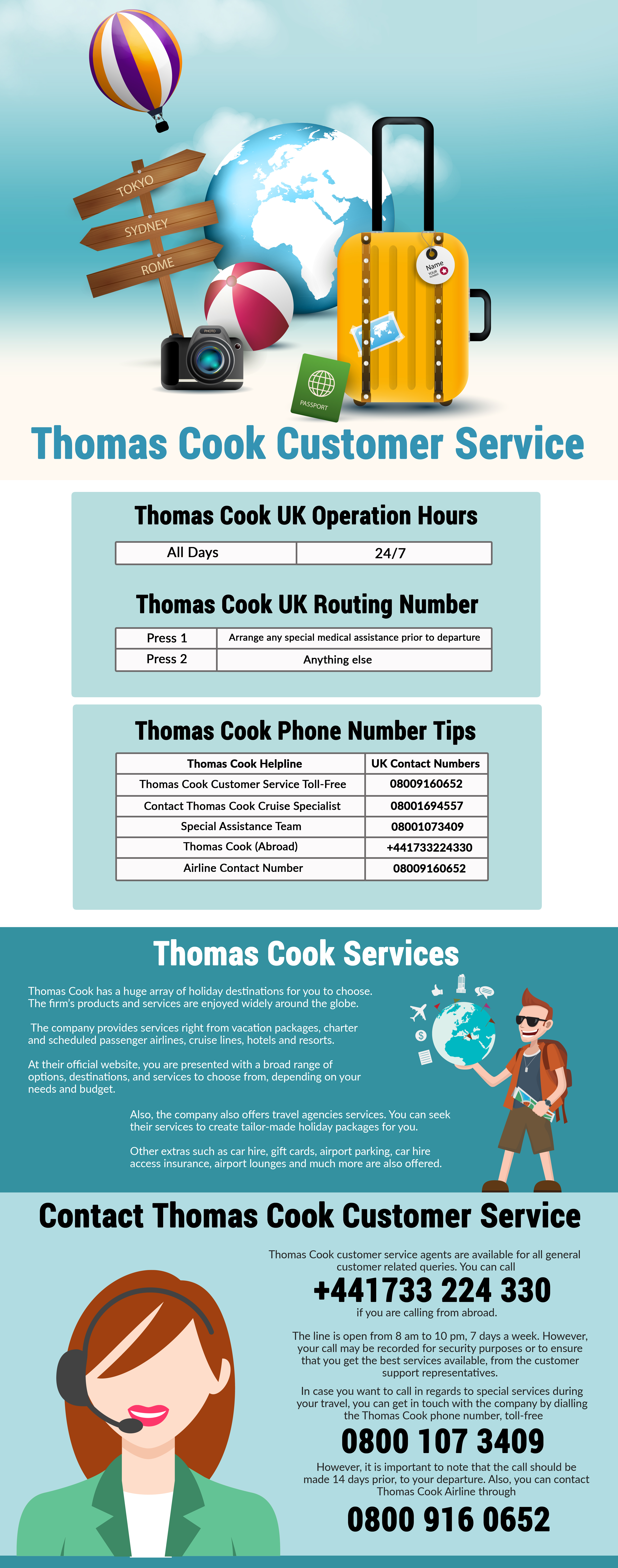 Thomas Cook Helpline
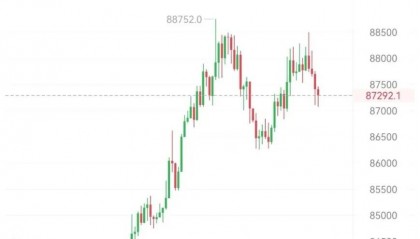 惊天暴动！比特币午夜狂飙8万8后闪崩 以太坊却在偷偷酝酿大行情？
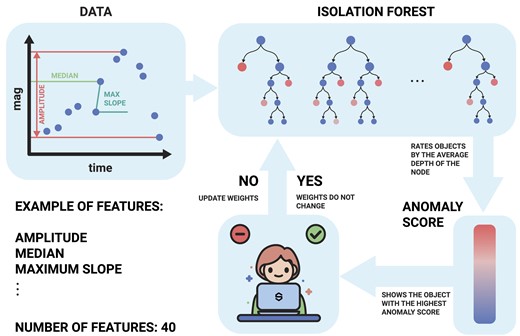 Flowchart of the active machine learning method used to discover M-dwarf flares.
::::::::
◆ Required work: Type the material out again exactly. Skip the pictures.

◆ Response:
 Thomas Cook Helpline
 惊天暴动！比特币午夜狂飙8万8后闪崩 以太坊却在偷偷酝酿大行情？
 Flowchart of the active machine learning method used to discover M-dwarf flares.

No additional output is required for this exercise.